Last summer when the Iraq warlogs were made public the Columbia Journalism Review published an account of  the nuts and bolts of the collaboration between mainstream media and Wikileaks. which illustrates the type of collaborative bargaining and process behind the publishing efforts. But not all news organisations have been so keen to spread the hundreds of thousands of words.

The Wall Street Journal for instance has struggled to place the news from the leaked cables at all prominently in its news agenda, despite having a readership which is no doubt ferociously interesting in international relations. The Journal has carried much anti-Wikileaks and anti-Julian Assange sentiment on its op-ed pages, including a plea from Mort Zuckerman to tighten cyber security, which made up in length for what it lacked in technical knowledge. And today California Senator Dianne Feinstein again contributed to the newspaper with a suggestion that Assange be prosecuted under the Espionage Act 1917 even though a number of lawyers have already publicly noted that this would be both difficult and unlikely.

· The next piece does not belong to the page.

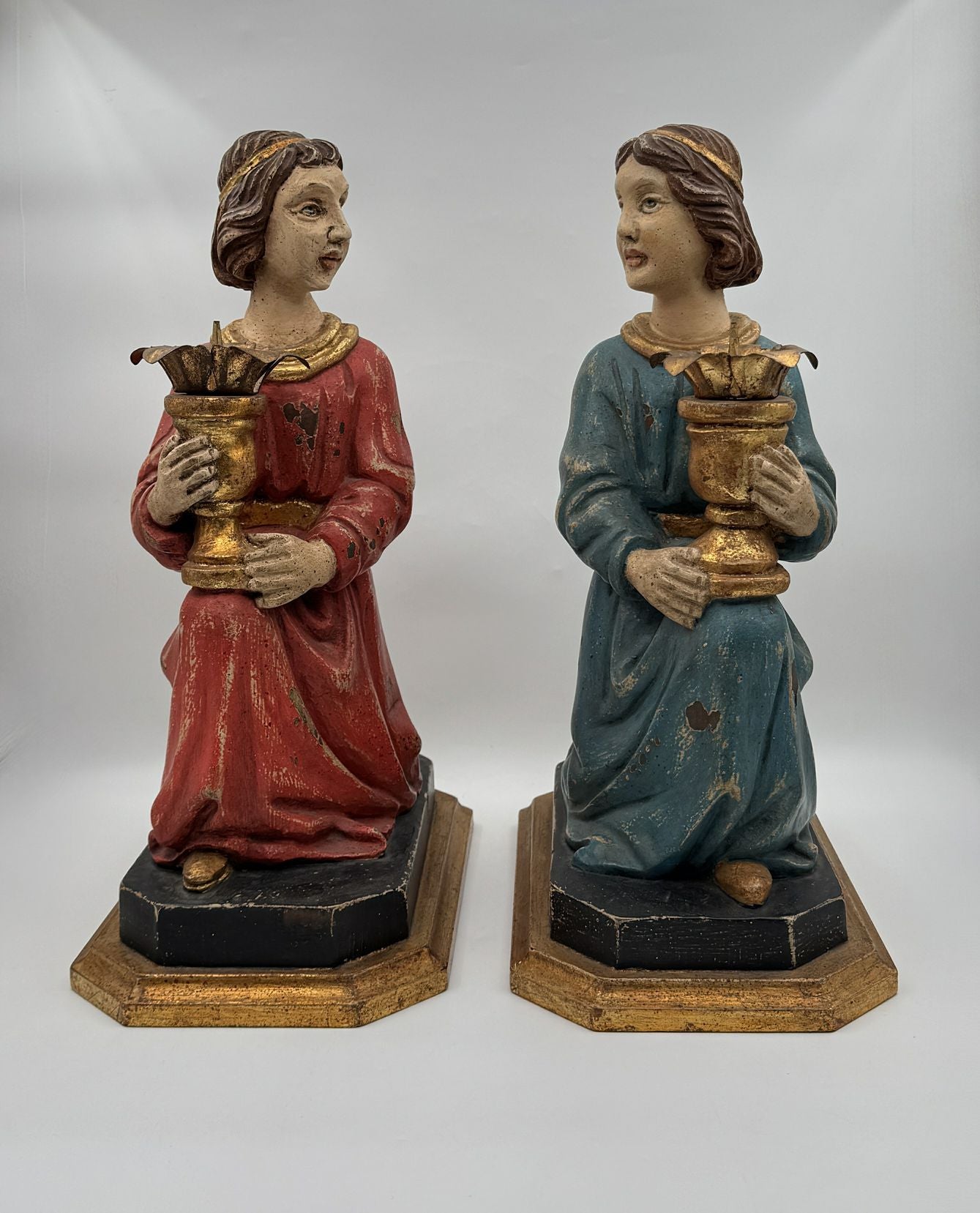 Pair of Hand-Carved Figural Wooden Candle Holders – Kneeling Angels with Gilded Chalices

I attended a really interesting event here at Columbia’s Journalism School last week where FCC Commissioner Michael Copps gave a talk about reforming the media. Yochai Benkler, Harvard law professor and the author of Wealth of Networks commented that he thought that the nature of the latest disclosures  demonstrated that the job of the mainstream media has now become one simply of ‘amplification’. Referring to the efforts by news organisation such as the New York Times to consult with the government on which areas of the documentation to redact, Benkler added that ‘The next Daniel Ellsberg [who leaked the Pentagon Papers to the New York Times] would not risk their career, or their liberty, going to the New York Times’.

Maybe a little unfair. Its editor Bill Keller will not have endeared himself to Washington with the continuing publication of the diplomatic cables and their content. The NYT’s daily online reporting of the case through The Lede blog has been one of the best sources on the web for telling the story (and it rewards this blogging-the-news treatment).

Benkler however does identify a central truth: that many, if not all, news organisations are uneasy with either the philosophy or the required skills of performing the same function as Wikileaks. It would be fascinating to know, if handed the cables on a thumb drive from an original source, how many news organisations would have handed them back, or published far more selectively.

It is an excellent exercise for students (and editors) to think through what they would do. Many diplomatic and overseas correspondents one suspects already had a defacto access to the essence of the cables through their relationship with diplomats. Otherwise how are we so unsurprised by their content.

Wikileaks  has ignited a debate about the rights and responsibilities attached to freeing information.It has illustrated that Governments, however well intentioned, do not have the best judgement in terms of what it is right for  citizens to know. It has shown that the established media no longer necessarily gets to make that call either, and forces us all to think about the consequences of that shift.

These questions are more pressing even than the constant din about finding new business models to sustain purpose. Finally we are talking about purpose first.

How many news organisations now feel differently about how to host and serve content across the web in the wake of Amazon using its commercial prerogative to kick Wikileaks off its servers? How many correspondents and editors would balk at ruining long term relationships with the State Department to publish classified material of the leaked cables-type?

In teaching the next generation of news journalists there has to be a recognition that their skills will have to extend to  these areas and more besides. Another excellent blogger on Wikileaks is Aaron Bady (zunguzungu) who produced two pieces of thorough analysis in the wake of the leaks. One was a critique of Assange’s  ideology. And the second striking piece, published today was this 7000 word essay which picks apart the proposition that the secrecy of the cables helped diplomats do their jobs. Bady’s long piece is really worth reading, and part of his conclusion is here:
I don’t know how to highly to value that proof; I’m not sure whether Wikileaks just adds to a store of knowledge that we already have or if it represents something new. But the idea that it’s a bad thing to know more about the how the governments that act in our names actually behave is laughable, and the idea that impeding their ability to act secretly prevents them from advancing the cause of justice and human rights, it seems to me, is utterly without merit.
Journalism is not just an intermediary in this, it is part of this. Journalists need to know what they think about the mission of Wikileaks and others like it, and they need to know where they would stand if the data dropped onto their desks and the government pressured them to be silent.